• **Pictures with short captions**
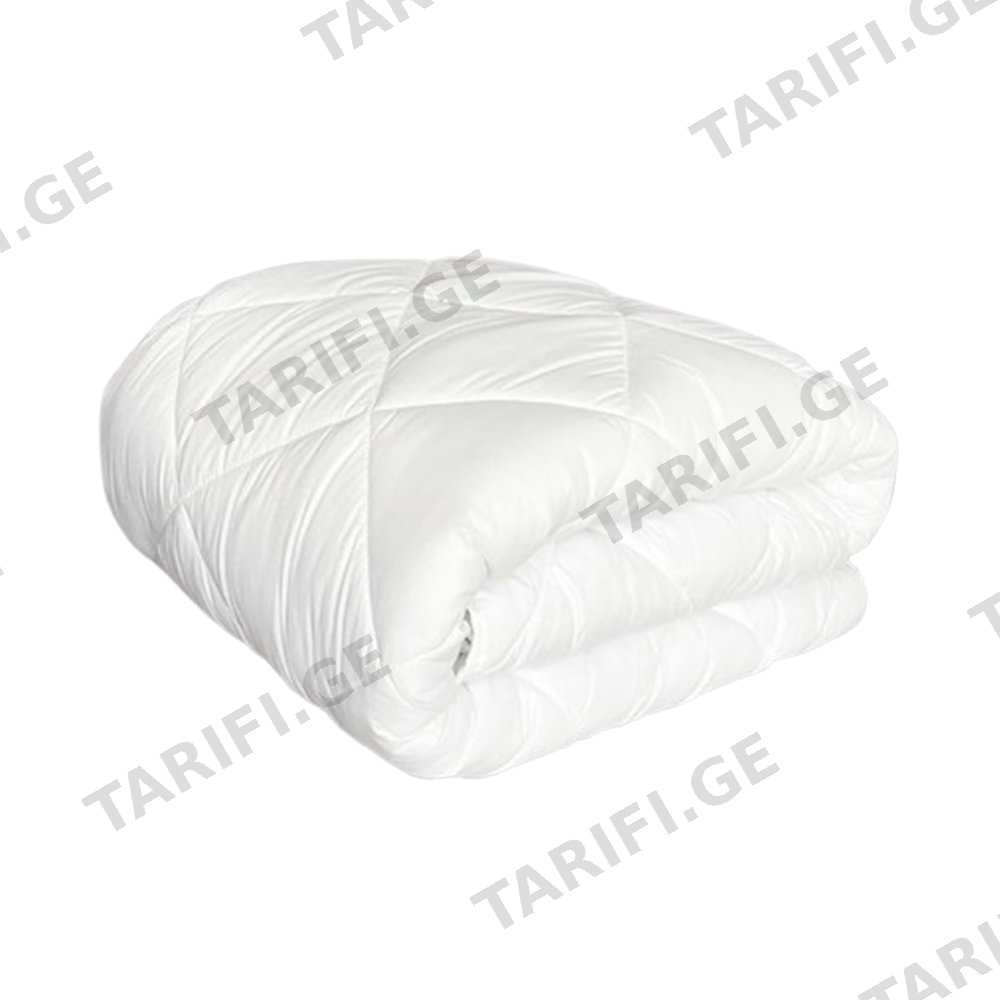 საბანი Hotelline 160x220
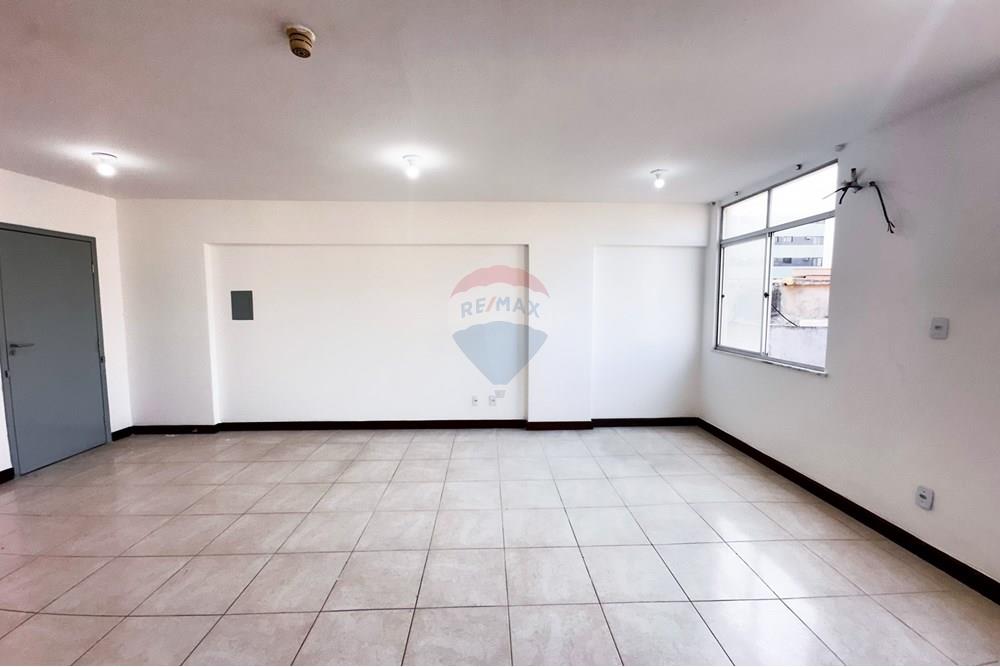 Cj. Comercial/ Sala - Venda - Salvador , Bahia - IMG_5017_HEIC.jpeg - 580491051-8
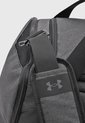 Maletín Training UNDER ARMOUR Undniable 5 Gris de Under Armour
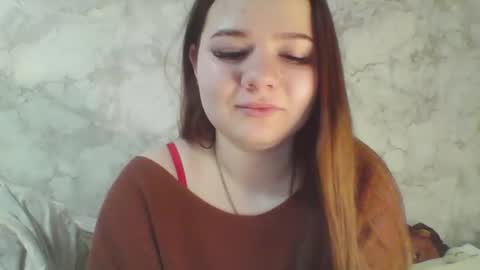 girl_cute07 online show from 03/16/26, 09:41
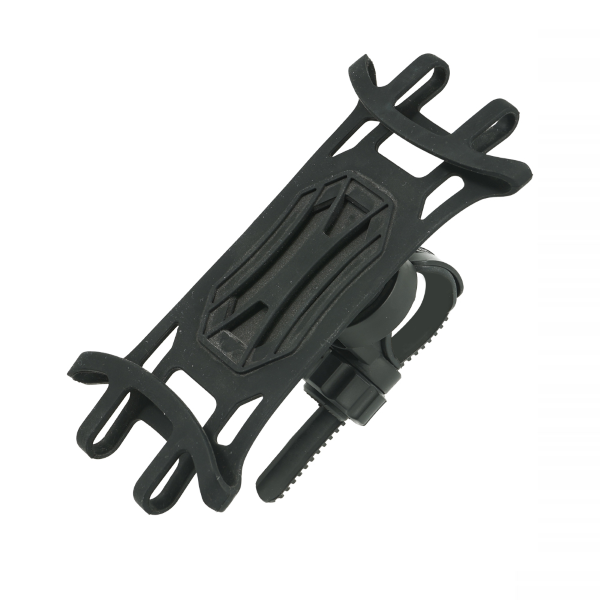 Wag - 360° Handlebar Smartphone Holder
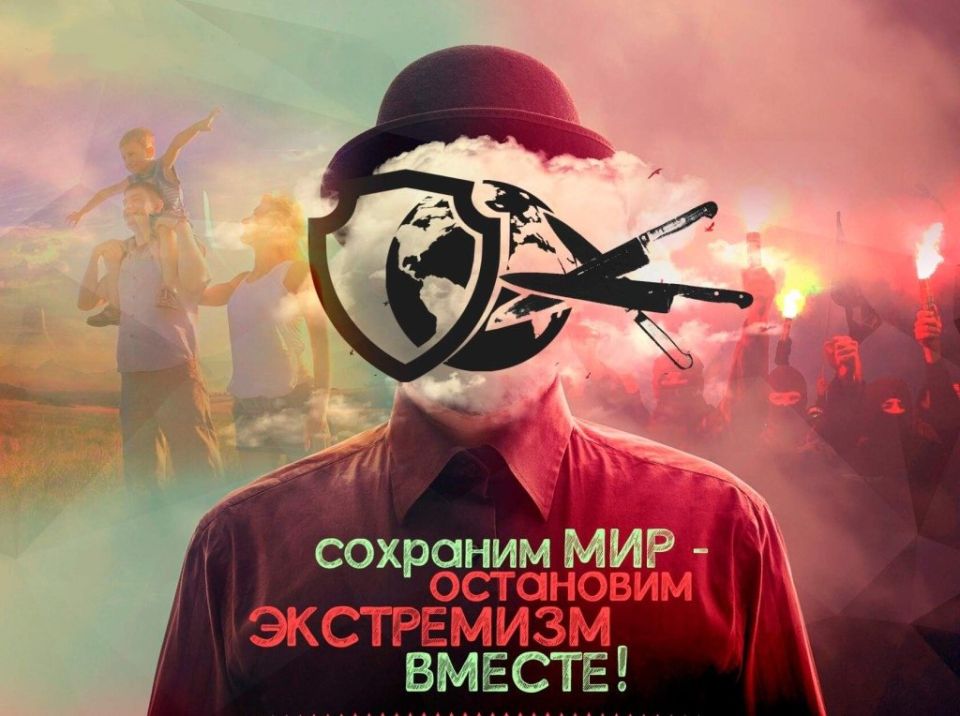 ��������� �����: ��� ��������� �������������� ����������� � ���������� ���������� ����� � �������� ���������� �������� ���� �������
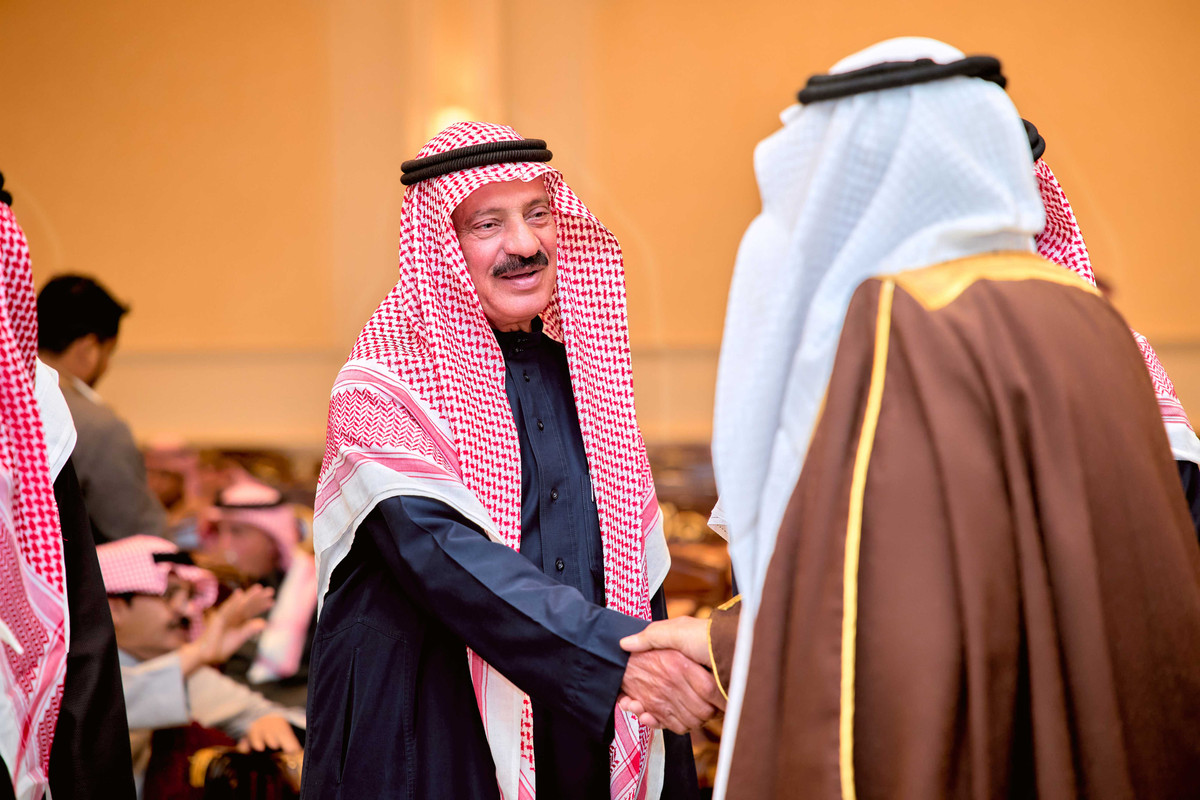 freelancers J68A1826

• **Instructions for the task**
Starting at the line that contains "Wag - 360° Handlebar Smartphone Holder", return every line through the end of the records above exactly as written, and return no pictures.

• **Worked solution**
 Wag - 360° Handlebar Smartphone Holder
 ��������� �����: ��� ��������� �������������� ����������� � ���������� ���������� ����� � �������� ���������� �������� ���� �������
 freelancers J68A1826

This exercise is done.